読者です 読者をやめる 読者になる 読者になる

ヤマハの2017年版YZR-M1はウイング内蔵

ヤマハは2017年のはじめのテストで、ウイングが内蔵されたカウルを持ち込んできた。

 

昨年の2016年までは、外付けのウイングが大流行。その要因としては、共通ECUによって細かいセッティングが出来なくなったため、ウイングを付けてダウンフォースを作り出し、ウイリーを防止する役割を持たせたのだ(たぶん)。(それまでは、コンピューターの細かいセッティングによってウイリーを最小限に抑えることができた。)

 

しかし、外付けのウイングに問題点が指摘されるようになった。転倒したときとか、ライダーに当たったら危険というのだ。確かに時速300㎞で走っているマシンのウイングが当たったらと思うとゾッとする。そこで、ウイング禁止にしようとなって、今年の2017年からは禁止となった(本当に危険だと思うなら、即刻禁止にするべきだと思うんだが)。

 

そこでヤマハが考えたのが、カウルに内蔵しちゃおうっていう発想。これなら、危険じゃないよねっていうこと。外付けのウイングほどの効果は無いというが、無いよりあったほうがいいのは確実。テストでビニャーレスがトップタイムを出したのが、それを証明していると思うよ。

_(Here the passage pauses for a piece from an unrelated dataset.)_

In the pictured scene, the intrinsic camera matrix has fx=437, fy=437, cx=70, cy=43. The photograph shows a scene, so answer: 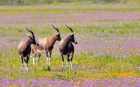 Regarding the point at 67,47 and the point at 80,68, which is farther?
the point at 80,68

そして実は、ドゥカティも似たようなウイングを持ち込んでたんじゃないかって話だけど、誰も確認できていないみたい。

 

それに比べ、ホンダはウイング禁止となって安心していたのか、エンジンの開発でそれどころじゃなかったのか、空力に関しては特にサプライズはないようだ。

というか、テスト最終日にマルケスが2番手タイムを出したものの、電制システムがうまく機能していないようで、ウイングどころじゃない感じ。今年のホンダも苦労しそうだ。

 

それとスズキのイアンノーネも調子がいい。乗り難いというドゥカティから、バランスは抜群のスズキに移籍して、あまりの乗りやすさ驚いてるんじゃないだろうか。スズキは昔からバランスのいいマシンづくりをしてきてるからね。乗ったことないから知らないけど。雨で速いのはバランスのいい証拠だと思うことにしているのだけれど、スズキは雨で速かったもの。

ドゥカティでは転倒ばっかりしてたイアンノーネだけど、乗りやすいスズキのマシンになって転倒が減るかもしれない。そうなると、ほかのメーカーの調子次第では、タイトル争いに加わってくる可能性もある気がしないでもない。

 

そんなこんなで、外付けウイングは禁止されたけど、新たな空力戦争が始まったようだ。